What John Taylor Would Bring to the Federal Reserve

At first glance, the $14.1 trillion Treasuries market is as calm as ever, with volatility falling for seven straight days to a near-record low. 

But scratch a bit below the surface and it’s clear that angst is building as traders wait for President Donald Trump’s choice to lead the Federal Reserve, a decision expected any time before Nov. 3.

Look no further than the flurry of activity in interest-rate options this week, particularly in one-year eurodollar mid-December puts, which in the last few days have colloquially been referred to as the “Taylor put.” The contracts earned that moniker because traders are buying them either outright or to cover short positions following reports that Trump gushed about John Taylor, a candidate for Fed chair. The Stanford University economist, who visited the White House for an hour-long interview last week, is seen as the most hawkish of the five candidates on the president’s short-list.

The thing is, you’d never know that traders were even the slightest bit ruffled from looking at gauges of bond-market volatility. Bank of America Corp.’s MOVE Index, which tracks swings in Treasury options, has declined every trading day since Oct. 6. It’s now barely above the 29-year low reached in August. The situation is the same for currencies, where volatility has slumped to the lowest annual average since 2014, according to a Deutsche Bank AG index.

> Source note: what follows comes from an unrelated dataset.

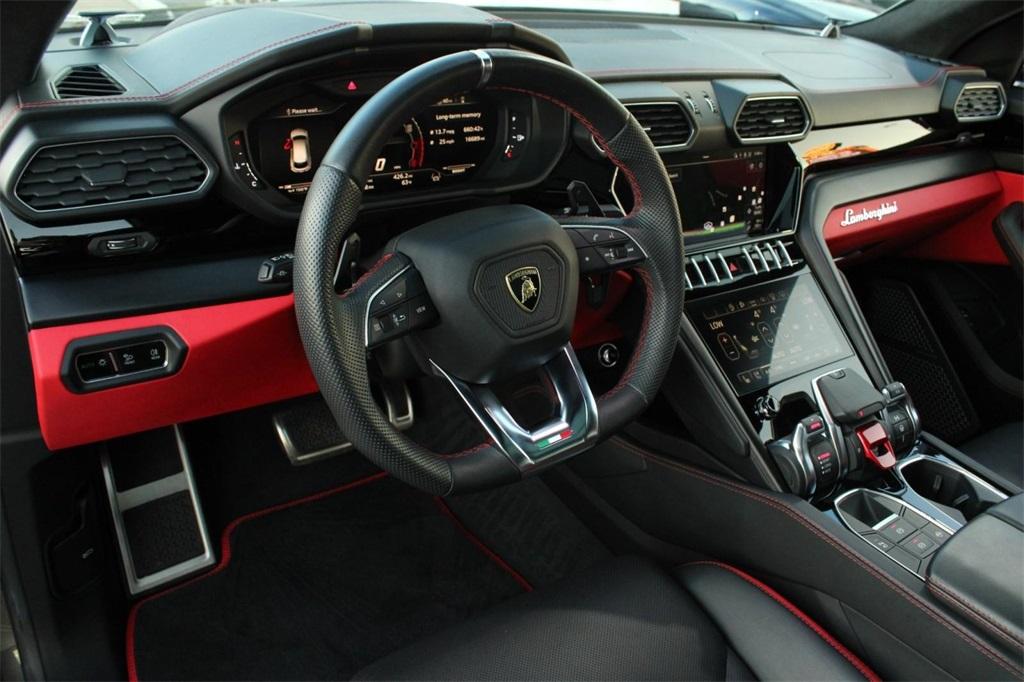 2023 Lamborghini Urus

That’s been the story across markets in 2017, with U.S. stocks grinding to record highs while 10-year Treasury yields fluctuate in the tightest trading range in nearly 27 years. Measures of the U.S. yield curve have reached the flattest since 2007, reflecting traders’ confidence that they’ve grasped the direction of Fed policy.

“The current macro environment and Fed guidance continue to be fundamentally negative for short-dated volatilities,” Citigroup Inc. strategists Ruslan Bikbov and Jason Williams wrote in a report this week. Higher volatility, they say, requires a steeper curve, which would reflect a market that’s “far away from equilibrium and therefore is inherently more uncertain.”

The stubbornly low volatility has some people warning of complacency, almost a year after Trump’s surprise election victory.

The traders snapping up Taylor puts, however, aren’t sitting on their hands. 

Preliminary open interest data from CME Group released Wednesday shows additions to the already large position that traders have been building in mid-December eurodollar puts. The underlying futures contract trades at about 98.06, while the put’s strike is 97.875, a level not seen since March. The lower the value, the faster the expected pace of Fed hikes in the following 12 months.

A total of more than 400,000 of the options traded in the first two days this week. The data suggest that some traders are buying them to hedge against a Taylor nomination, while others may be covering positions that would suffer if the Fed were to accelerate the pace at which it’s tightening.

Of course, all this positioning could be for naught. After all, Trump is set to meet current Fed Chair Janet Yellen Thursday, and he says he likes all five people on his short-list.

So, perhaps a “Yellen call” is the next trade.